| REQUIRED ACTION |
Examine each line in the records below for the word "Order". Report how many lines contain it, and nothing else.

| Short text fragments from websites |
----------------

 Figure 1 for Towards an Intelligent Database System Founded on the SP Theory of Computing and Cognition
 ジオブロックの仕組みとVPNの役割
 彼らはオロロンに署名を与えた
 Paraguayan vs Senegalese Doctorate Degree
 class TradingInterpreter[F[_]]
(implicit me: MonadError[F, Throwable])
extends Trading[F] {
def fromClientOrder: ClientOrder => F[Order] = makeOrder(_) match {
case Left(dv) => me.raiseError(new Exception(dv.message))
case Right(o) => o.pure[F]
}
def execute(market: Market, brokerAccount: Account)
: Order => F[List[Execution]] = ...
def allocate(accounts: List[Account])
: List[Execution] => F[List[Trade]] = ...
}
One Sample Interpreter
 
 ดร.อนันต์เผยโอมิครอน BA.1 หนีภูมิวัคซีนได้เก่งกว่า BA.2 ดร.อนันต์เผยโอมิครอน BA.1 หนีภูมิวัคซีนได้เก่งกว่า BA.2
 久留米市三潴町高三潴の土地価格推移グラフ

----------------

| ANSWER FOR THE TASK |
2